13. The integrated circuit of claim 12 wherein the pulsing circuitry includes circuitry for coupling to an external AGC capacitor for use of the capacitor for timing of the pulsing circuitry when the audio record and playback circuitry is neither recording nor playing back samples of an audio signal.

14. The integrated circuit of claim 12 wherein the pulsing circuitry includes at least one output pin for coupling to an external light emitting diode.

15. The integrated circuit of claim 12 wherein the audio record and playback circuitry has a speaker output for connecting to an external speaker, the pulsing circuitry being coupled to the audio record and playback circuitry for causing the repetitive playback of a signal through the speaker output.

16. The integrated circuit of claim 12 wherein the circuitry for detecting the recording of a message detects the beginning of playback of a message to disable the pulsing circuitry.

17. The integrated circuit of claim 12 wherein the circuitry for detecting the recording of a message detects the completion of the playback of a message to disable the pulsing circuitry.

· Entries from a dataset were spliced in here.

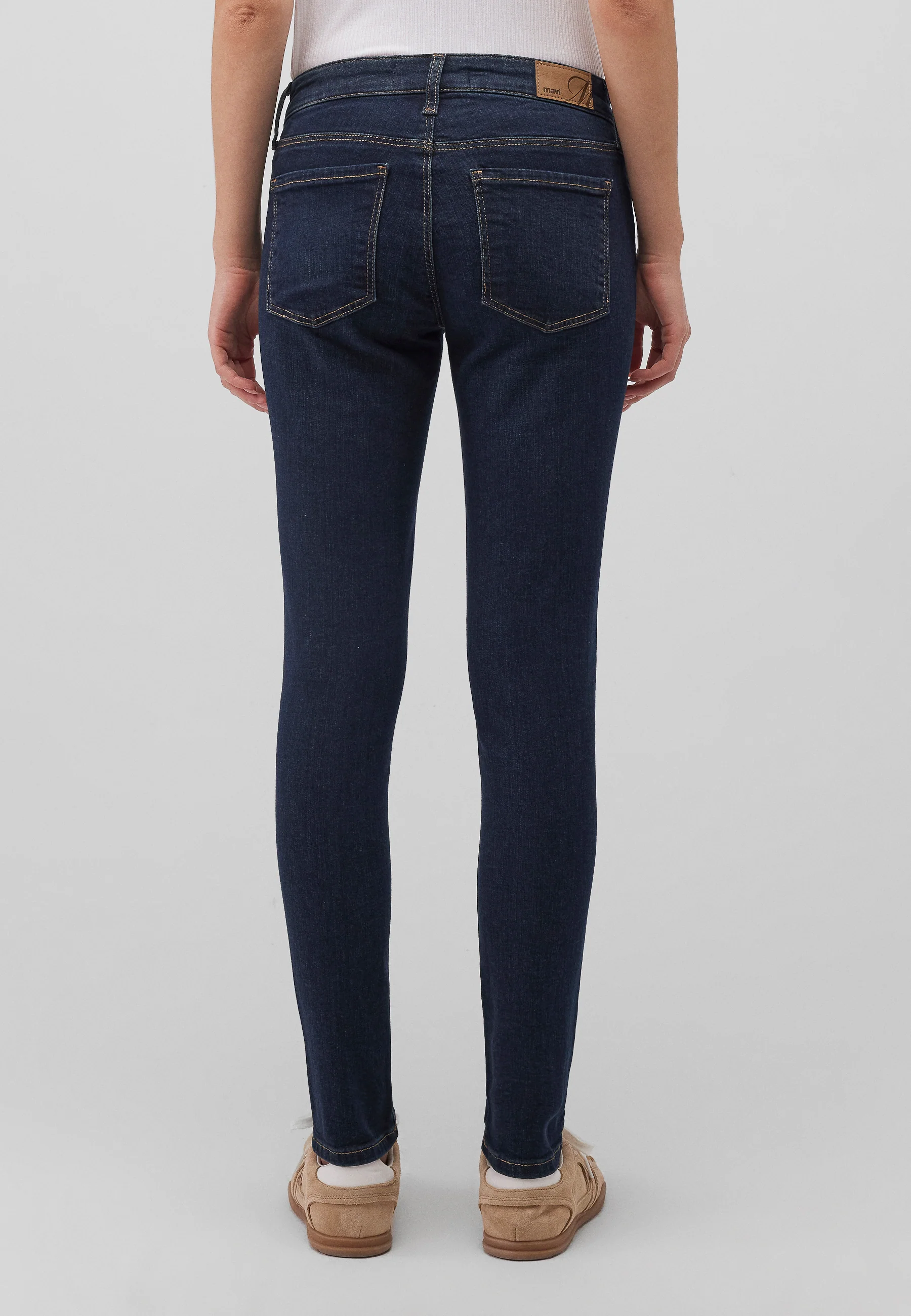 ADRIANA | Mid-Rise, Super Skinny - Image 3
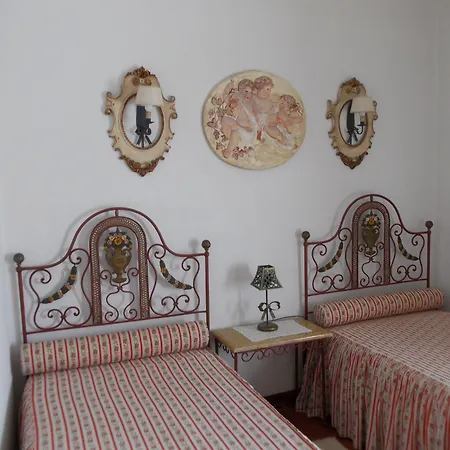 Casa De S. Thiago Do Castelo-2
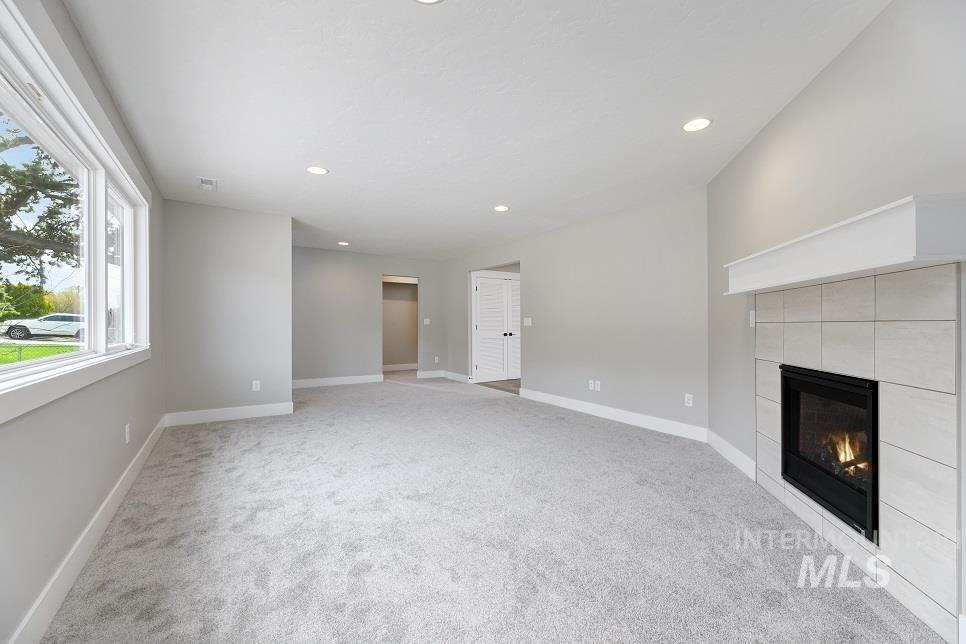 4025/4023 W Hill Rd Property Photo 5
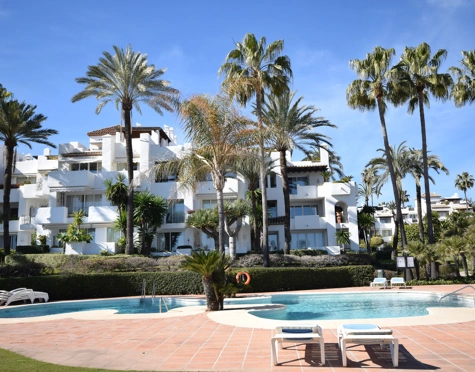 Apartment for short term rent in Estepona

18. The integrated circuit of claim 12 further comprising circuitry for re-enabling the pulsing circuitry after playback of a message upon receipt of a user input directing such re-enabling.

19. The integrated circuit of claim 12 further comprised of a non-volatile memory for storing the status of the pulsing circuitry during periods of power depravation.

20. The integrated circuit of claim 12 wherein the audio record and playback circuitry is capable of recording multiple messages for subsequent playback.

21. The integrated circuit of claim 12 wherein the pulsing circuitry comprises circuitry for pulsing for approximately 20 milliseconds every one to two seconds.

22. The integrated circuit of claim 12 wherein the audio record and playback circuitry will store each sample in a respective single floating gate storage cell.